After the USA Freedom Act passed in the Senate on Tuesday, 67-32, Senate Majority Leader Mitch McConnell (R-KY) addressed the bill’s passage, and shared his thoughts on its impact.
While McConnell opposed the USA Freedom Act, which was created to maintain the NSA surveillance powers that expired with Section 215 of the Patriot Act at 12:01 a.m. on June 1, he was on the opposite end of the debate from his fellow Senator from Kentucky, Republican Rand Paul.
Although both Senators were against the USA Freedom Act, Paul led the campaign to abolish NSA surveillance altogether, and McConnell pushed for a “clean” extension of the Patriot Act.

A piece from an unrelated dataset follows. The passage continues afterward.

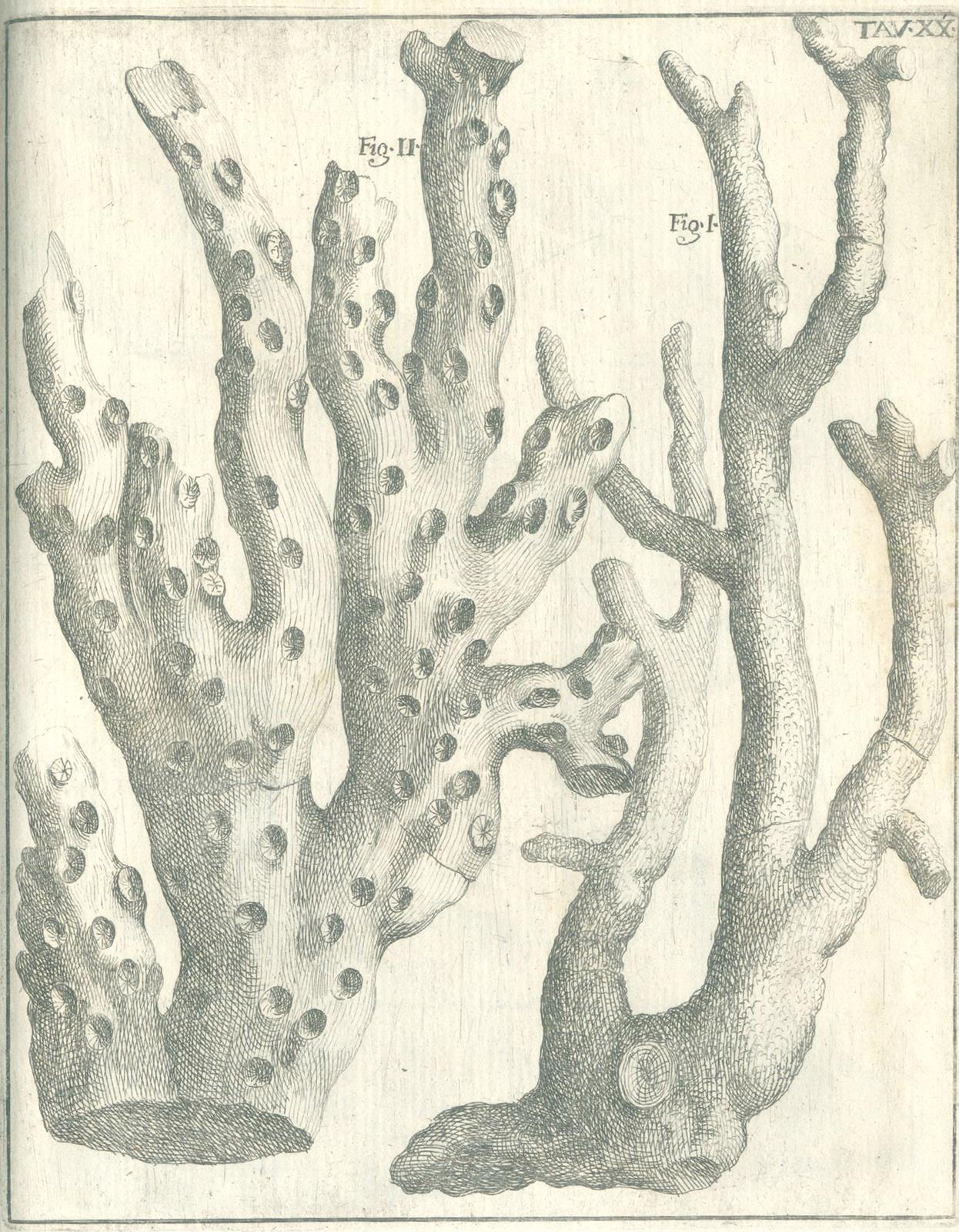 Scilla,A. | Bild Nr.7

The National Security Agency’s massive surveillance program was exposed by former NSA contractor Edward Snowden in June 2013. While advocates of the USA Freedom Act presented it as a bill that vindicated Snowden by reforming NSA surveillance, those in opposition noted that the act wouldn’t end the government’s collection; it would only change the channels the government went through to collect Americans’ records.
On the Senate floor, McConnell quoted an article from the Associated Press, which called the passage of the USA Freedom Act a “resounding victory for Edward Snowden.”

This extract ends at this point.